Snowflake’s comparison blog post (May 2026) describes the practical impact: “Horizon implements the open Apache Iceberg REST Catalog specification (Apache Polaris). Any engine supporting the standard protocol can connect, receive vended credentials, and perform both reads and writes with governance policies enforced at the catalog layer regardless of engine. Unity Catalog uses proprietary APIs; external engines require Lakehouse Federation (JDBC, read-only) or UC credential-vending endpoints.”

Unity Catalog’s credential vending for write operations is described as “less established” in the Snowflake comparison, and the write path for external engines through UC is not as thoroughly tested as the read path.

The open-source Unity Catalog (released under the Linux Foundation in 2024) does not include credential vending support. The credential vending feature is part of the managed Unity Catalog offering on Databricks. This distinction matters for organizations evaluating UC OSS for multi-engine architectures: the open-source version supports Iceberg table operations but does not vend storage credentials, so engines must have their own storage access configured.

Snowflake Horizon Vended Credentials

Snowflake Horizon Catalog implements credential vending through its Apache Polaris-powered Iceberg REST catalog API. The implementation supports all three cloud providers (S3, ADLS, GCS) and both read and write operations.

The credential vending configuration is part of the CREATE CATALOG INTEGRATION command. Snowflake supports SigV4 credential vending for S3 (using AWS Lake Formation or IAM), SAS token vending for Azure, and OAuth2-based token vending for GCS.

Horizon’s credential vending is integrated with Snowflake’s governance features. When a table has row filters or column masks defined, the vended credentials include only the file-level access needed to satisfy the filter and mask. The engine cannot read files that contain rows or columns the principal is not authorized to see, because those files are not within the credential scope.

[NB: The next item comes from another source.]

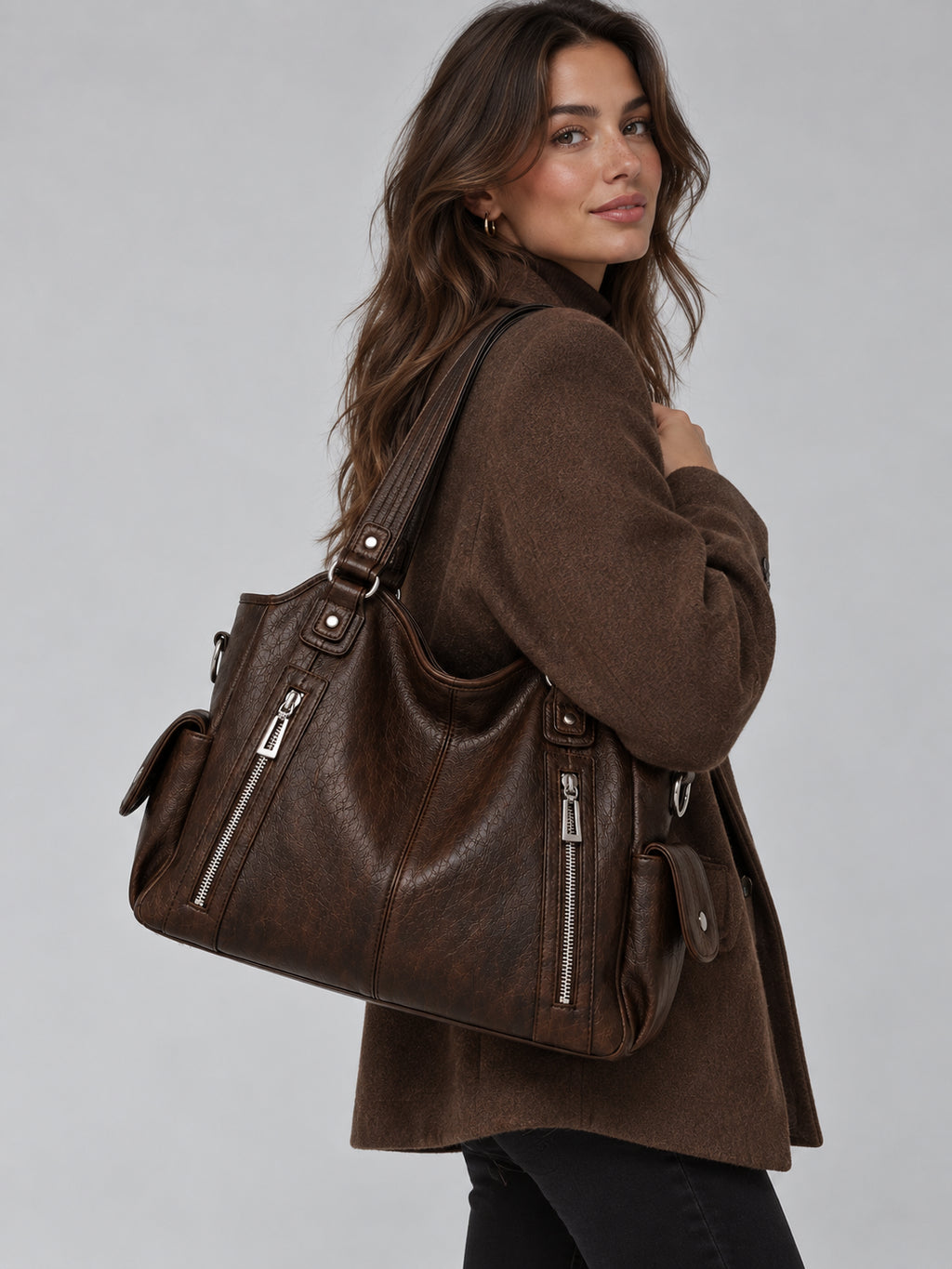 Harriet | Women's Spacious Shoulder Bag Multi Pocket Tote Handbag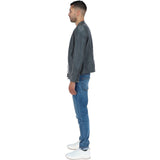 Mens Leather Biker Jacket Grey: BR FONS-1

The interaction between credential vending and Snowflake’s Dynamic Iceberg Tables is worth noting. Dynamic Tables use internal Snowflake compute to maintain materialized views. The credential vending for Dynamic Tables uses Snowflake’s internal warehouse identity, not the user identity. This means the Dynamic Table refresh reads data with the table owner’s permissions, not the querying user’s permissions. This is consistent with how materialized views work in most database systems: the view owner’s permissions, not the consumer’s permissions, determine the refresh scope.

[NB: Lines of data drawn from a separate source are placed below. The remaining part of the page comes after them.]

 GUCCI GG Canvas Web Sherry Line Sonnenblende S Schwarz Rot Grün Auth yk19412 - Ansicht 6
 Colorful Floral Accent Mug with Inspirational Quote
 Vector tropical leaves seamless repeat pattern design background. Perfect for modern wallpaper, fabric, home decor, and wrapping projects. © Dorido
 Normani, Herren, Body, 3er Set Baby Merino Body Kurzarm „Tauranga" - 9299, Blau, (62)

Credential Lifetime and Rotation

The credential TTL (time to live) is a critical operational parameter. A longer TTL reduces the number of credential requests (good for performance) but increases the attack window if a token is compromised (bad for security).

Standard practice across Iceberg catalogs:

ProviderDefault TTLMin TTLMax TTL
AWS S3 (STS)1 hour15 minutes12 hours
Azure ADLS (SAS)1 hour5 minutes24 hours
Google GCS1 hour5 minutes12 hours

Polaris and Snowflake Horizon both support configurable TTL. Databricks Unity Catalog uses a fixed 1-hour TTL for vended credentials.

The credential refresh mechanism is engine-specific. Spark’s Iceberg connector requests credentials once per table scan and caches them for the duration of the scan. If the scan extends beyond the credential TTL (e.g., a large shuffle operation that takes 90 minutes), the connector requests a new set of credentials mid-operation. Trino’s Iceberg connector requests credentials per file read and re-requests if the token expires during a long read.

A practical recommendation: set the credential TTL to 15-30 minutes for production workloads with PII data, and 60 minutes for non-sensitive data. The shorter TTL adds approximately 1-2 additional credential requests per hour per table, which is negligible overhead for the catalog. The security benefit is a 75% reduction in the attack window compared to the 60-minute default.

Storage-Scoped vs Remote-Signed Credentials

Credential vending and remote signing are often discussed as alternatives, but they serve different use cases and can be used together. The key distinction is scope:

  • Credential vending issues a token that authorizes access to a storage path (a table’s data directory). The token can be used to read any file within that path.
  • Remote signing issues a pre-signed URL for a single file and a single operation. The URL cannot be reused for other files or operations.

Credential vending is better for high-throughput workloads where the engine reads many files per query. A query reading 500 files makes one credential request and 500 storage requests. Remote signing would make 500 signing requests and 500 storage requests, adding latency proportional to the file count.

Remote signing is better for regulated workloads where per-file audit and absolute least privilege are required. The security properties are strictly stronger, but the performance cost is meaningful for high-file-count queries.

Most catalogs support both mechanisms. The engine can request either mode, and the catalog returns credentials or pre-signed URLs accordingly. Snowflake Horizon and Polaris both support this dual-mode operation.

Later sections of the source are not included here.